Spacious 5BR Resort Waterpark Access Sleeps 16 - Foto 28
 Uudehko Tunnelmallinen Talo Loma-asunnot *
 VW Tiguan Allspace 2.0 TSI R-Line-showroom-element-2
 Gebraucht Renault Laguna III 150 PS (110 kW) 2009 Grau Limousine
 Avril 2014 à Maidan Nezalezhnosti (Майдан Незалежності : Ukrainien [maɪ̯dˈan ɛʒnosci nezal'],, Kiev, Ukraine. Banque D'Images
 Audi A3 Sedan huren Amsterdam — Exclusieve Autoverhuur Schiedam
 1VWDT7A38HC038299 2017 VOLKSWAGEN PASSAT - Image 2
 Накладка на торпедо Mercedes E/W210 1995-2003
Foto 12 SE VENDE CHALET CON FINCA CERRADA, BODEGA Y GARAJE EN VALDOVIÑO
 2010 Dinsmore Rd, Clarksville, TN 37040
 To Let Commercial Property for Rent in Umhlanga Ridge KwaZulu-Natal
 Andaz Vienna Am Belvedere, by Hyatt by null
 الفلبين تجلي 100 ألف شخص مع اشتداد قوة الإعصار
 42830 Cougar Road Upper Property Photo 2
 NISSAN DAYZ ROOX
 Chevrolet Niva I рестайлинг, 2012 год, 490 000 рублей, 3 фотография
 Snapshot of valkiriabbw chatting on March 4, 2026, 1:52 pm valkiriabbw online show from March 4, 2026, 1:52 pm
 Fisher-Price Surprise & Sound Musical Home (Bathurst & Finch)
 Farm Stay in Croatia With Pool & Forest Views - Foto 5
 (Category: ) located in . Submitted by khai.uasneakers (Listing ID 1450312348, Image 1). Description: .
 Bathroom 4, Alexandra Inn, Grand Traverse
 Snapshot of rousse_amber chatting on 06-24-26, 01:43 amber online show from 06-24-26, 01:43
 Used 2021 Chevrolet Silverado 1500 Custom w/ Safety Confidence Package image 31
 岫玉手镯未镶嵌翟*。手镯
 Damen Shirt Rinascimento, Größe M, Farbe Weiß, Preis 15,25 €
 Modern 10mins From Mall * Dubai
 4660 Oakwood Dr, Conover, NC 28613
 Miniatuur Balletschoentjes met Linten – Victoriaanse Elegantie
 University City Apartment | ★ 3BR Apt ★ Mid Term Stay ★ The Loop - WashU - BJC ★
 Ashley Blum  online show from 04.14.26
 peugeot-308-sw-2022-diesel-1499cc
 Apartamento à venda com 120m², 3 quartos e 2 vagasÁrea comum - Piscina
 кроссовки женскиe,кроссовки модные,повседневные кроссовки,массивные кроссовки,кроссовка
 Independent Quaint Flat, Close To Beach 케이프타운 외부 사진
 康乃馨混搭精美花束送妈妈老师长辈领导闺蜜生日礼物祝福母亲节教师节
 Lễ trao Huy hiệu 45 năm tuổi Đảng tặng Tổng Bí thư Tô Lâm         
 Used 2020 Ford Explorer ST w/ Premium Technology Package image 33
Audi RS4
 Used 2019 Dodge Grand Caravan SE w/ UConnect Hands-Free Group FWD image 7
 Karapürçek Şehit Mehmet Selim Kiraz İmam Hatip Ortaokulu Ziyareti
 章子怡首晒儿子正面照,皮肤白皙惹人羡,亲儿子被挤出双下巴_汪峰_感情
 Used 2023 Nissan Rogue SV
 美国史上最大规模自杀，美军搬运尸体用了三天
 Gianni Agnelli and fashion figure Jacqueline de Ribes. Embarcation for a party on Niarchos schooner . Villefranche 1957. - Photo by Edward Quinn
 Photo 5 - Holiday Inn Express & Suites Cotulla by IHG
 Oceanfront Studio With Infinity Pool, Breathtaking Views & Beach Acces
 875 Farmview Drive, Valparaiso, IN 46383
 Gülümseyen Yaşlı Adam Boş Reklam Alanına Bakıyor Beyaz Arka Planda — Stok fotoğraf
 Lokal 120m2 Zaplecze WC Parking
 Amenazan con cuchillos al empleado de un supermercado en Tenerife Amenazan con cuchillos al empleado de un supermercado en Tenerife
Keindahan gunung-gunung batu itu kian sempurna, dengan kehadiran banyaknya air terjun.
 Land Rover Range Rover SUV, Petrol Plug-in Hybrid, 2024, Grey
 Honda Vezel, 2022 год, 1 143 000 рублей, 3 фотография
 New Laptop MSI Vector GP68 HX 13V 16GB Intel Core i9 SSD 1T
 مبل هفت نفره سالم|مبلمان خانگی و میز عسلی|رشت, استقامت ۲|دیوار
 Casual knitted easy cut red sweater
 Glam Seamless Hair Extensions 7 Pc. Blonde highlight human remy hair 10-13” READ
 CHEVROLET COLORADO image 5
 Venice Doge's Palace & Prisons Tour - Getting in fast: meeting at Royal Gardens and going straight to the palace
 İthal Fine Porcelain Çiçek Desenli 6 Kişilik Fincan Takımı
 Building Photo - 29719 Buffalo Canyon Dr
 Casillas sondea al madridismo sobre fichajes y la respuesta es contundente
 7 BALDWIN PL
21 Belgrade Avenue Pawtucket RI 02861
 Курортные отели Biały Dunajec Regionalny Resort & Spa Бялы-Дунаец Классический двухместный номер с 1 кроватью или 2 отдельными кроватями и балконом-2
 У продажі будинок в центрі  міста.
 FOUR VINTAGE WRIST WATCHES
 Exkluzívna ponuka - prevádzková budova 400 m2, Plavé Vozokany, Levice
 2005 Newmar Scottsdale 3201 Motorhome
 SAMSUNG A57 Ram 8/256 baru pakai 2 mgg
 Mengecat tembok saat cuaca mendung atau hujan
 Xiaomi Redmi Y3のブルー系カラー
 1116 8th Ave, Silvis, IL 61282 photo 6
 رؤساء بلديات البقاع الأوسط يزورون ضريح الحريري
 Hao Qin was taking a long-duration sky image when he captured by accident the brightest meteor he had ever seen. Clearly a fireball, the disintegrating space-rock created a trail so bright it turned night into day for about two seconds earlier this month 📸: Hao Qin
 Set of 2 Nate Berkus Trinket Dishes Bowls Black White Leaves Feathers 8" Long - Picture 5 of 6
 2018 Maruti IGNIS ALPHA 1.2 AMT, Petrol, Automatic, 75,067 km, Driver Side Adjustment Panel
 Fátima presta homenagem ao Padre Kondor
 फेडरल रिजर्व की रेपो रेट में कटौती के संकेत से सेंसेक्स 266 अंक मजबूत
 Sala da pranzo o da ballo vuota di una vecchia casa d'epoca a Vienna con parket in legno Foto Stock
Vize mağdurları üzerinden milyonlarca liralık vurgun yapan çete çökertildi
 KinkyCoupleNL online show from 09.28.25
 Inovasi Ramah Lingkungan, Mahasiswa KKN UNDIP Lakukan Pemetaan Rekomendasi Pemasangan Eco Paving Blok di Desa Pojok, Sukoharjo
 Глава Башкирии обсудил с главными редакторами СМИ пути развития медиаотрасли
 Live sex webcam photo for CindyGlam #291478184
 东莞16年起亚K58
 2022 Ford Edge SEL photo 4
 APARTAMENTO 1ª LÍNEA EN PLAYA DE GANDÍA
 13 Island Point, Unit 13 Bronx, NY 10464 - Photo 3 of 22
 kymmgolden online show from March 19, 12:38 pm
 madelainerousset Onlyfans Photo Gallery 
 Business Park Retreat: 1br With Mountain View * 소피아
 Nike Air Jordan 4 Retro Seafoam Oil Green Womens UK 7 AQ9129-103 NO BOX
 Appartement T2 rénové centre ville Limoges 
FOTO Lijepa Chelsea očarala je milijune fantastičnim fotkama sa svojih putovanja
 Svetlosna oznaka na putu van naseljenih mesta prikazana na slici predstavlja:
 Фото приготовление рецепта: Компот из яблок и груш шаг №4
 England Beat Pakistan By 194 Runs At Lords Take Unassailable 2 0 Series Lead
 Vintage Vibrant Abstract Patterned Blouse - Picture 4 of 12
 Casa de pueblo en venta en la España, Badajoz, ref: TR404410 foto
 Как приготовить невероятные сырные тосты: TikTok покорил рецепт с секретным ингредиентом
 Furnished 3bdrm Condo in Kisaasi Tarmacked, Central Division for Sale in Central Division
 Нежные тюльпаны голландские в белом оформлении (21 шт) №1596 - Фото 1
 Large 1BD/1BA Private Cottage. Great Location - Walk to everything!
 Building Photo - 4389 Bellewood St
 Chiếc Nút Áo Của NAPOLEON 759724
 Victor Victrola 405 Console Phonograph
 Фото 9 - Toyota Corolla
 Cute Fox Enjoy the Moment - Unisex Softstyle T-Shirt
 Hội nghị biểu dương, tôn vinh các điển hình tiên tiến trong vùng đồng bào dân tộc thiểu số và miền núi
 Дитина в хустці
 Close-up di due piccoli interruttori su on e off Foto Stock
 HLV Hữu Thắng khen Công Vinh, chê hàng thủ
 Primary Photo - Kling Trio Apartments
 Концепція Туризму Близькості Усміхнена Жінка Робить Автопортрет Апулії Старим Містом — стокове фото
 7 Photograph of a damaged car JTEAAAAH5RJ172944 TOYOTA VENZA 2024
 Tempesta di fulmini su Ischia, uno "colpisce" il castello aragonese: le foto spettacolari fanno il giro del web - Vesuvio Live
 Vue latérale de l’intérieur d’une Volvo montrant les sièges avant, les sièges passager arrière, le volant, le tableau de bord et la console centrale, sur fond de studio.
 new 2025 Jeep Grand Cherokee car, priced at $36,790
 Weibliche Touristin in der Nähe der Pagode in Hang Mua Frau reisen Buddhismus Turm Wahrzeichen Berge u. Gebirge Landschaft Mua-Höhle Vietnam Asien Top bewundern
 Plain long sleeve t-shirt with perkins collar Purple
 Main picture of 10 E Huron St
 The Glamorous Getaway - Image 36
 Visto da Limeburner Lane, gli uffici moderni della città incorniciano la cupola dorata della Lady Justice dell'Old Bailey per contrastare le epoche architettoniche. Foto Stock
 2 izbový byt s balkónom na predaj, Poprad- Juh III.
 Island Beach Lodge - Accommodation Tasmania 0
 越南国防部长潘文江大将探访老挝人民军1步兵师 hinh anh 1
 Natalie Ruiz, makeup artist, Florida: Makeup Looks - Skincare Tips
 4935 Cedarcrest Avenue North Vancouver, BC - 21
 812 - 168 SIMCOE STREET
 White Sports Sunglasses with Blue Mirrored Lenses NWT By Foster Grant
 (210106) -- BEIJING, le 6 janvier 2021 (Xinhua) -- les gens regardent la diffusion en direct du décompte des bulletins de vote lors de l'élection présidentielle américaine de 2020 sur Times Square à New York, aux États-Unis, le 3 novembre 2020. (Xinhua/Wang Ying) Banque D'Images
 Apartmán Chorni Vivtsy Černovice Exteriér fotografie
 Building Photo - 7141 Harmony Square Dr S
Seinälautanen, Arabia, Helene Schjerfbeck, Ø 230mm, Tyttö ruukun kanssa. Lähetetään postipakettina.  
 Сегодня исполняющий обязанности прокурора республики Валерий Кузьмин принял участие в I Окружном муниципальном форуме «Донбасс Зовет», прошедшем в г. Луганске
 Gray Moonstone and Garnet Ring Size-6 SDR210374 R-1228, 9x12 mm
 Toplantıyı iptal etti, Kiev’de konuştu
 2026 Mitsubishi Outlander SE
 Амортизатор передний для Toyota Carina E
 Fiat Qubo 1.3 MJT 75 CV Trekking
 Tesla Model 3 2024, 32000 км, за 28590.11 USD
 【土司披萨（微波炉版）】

→ Exercise objective
What you return must be an exact retyping of the lines above starting at the line with "Gebraucht Renault Laguna" and ending at the line with "Audi A3 Sedan", and nothing besides.

→ Reply to the exercise
 Gebraucht Renault Laguna III 150 PS (110 kW) 2009 Grau Limousine
 Avril 2014 à Maidan Nezalezhnosti (Майдан Незалежності : Ukrainien [maɪ̯dˈan ɛʒnosci nezal'],, Kiev, Ukraine. Banque D'Images
 Audi A3 Sedan huren Amsterdam — Exclusieve Autoverhuur Schiedam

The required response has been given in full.